Comcast offers similar apps, Xfinity TV and Xfinity TV Go, but they're available only on mobile platforms, so you still need to use the set-top box to watch on the big screen at home. Even so they're wildly popular; Comcast says its apps have been downloaded more than 20 million times. 

Mobile vs. your living room

The problem isn't mobile access to TV programming -- it's access on the TV itself, in your house. Just about every cable and satellite service has a mobile app, but almost all require you to have the box in your house when you watch TV in the living room, especially if you want to record anything.

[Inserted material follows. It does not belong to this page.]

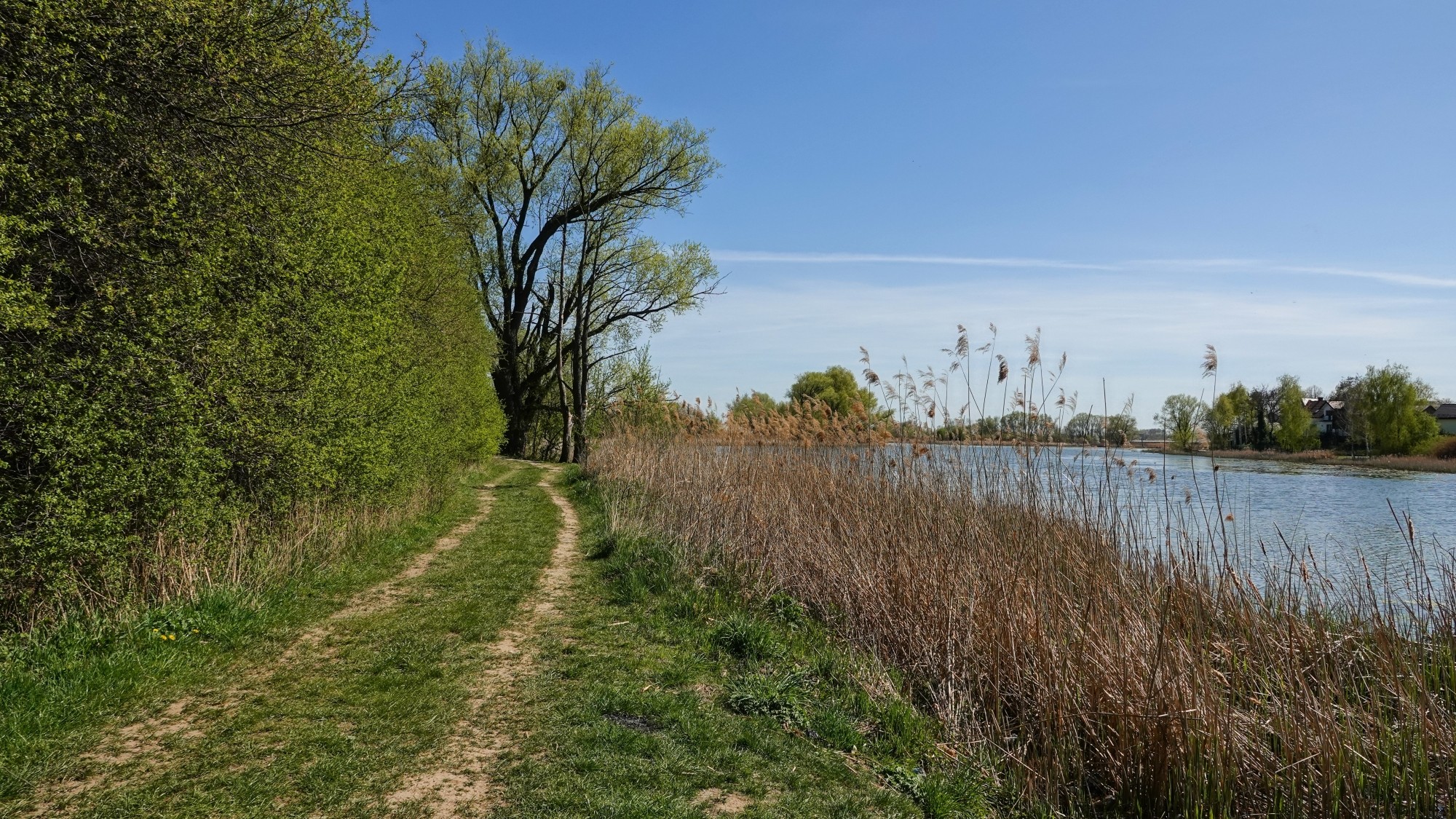 100 najpiękniejszych zdjęć 2020 roku - zdjęcie 98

Wheeler's proposal opens the door for other companies to develop apps that use a Pay TV provider's programming, packaged and delivered in a much less restrictive way, with no need for a dedicated cable box.
Sling TV's app refresh offers more personalized features.Sling TV
Imagine the big-screen TV app designed by a company that knows user interfaces -- Apple or Google, or even Netflix. It would provide all of your local cable company's live or recorded channels (and on-demand content) to the Smart TV, streaming device or mobile device of your choice. Imagine having a choice of such apps, an actual choice in the interface and functionality and features of your pay TV subscription.

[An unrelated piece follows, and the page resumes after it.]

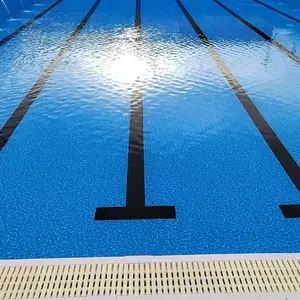 东莞市露天游泳池安装有限公司 服务至上 东莞市奔浪泳池设备供应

The app could offer voice search, smart recommendations, profiles for different family members, robust parental controls, cloud or local DVR storage, mobile downloads for offline access and more.
If the app acted up or became unreliable or annoying, you could simply download an alternate one and re-authenticate it with your Comcast or Time Warner or Charter credentials. No need to swap in a new cable box, or put up with just one (terrible) option. In the face of competition in the living room, cable companies might even be pushed to innovate and offer better apps themselves.
Someday the cable box will finally go the way of the horse and buggy, the rotary phone, the typewriter. Apps on phones have already begun to replace plenty of handheld devices -- think MP3 players, GPS units and even compact cameras. Apps on TVs and TV-connected boxes should do the same thing to cable boxes: kill them. The day can't come soon enough.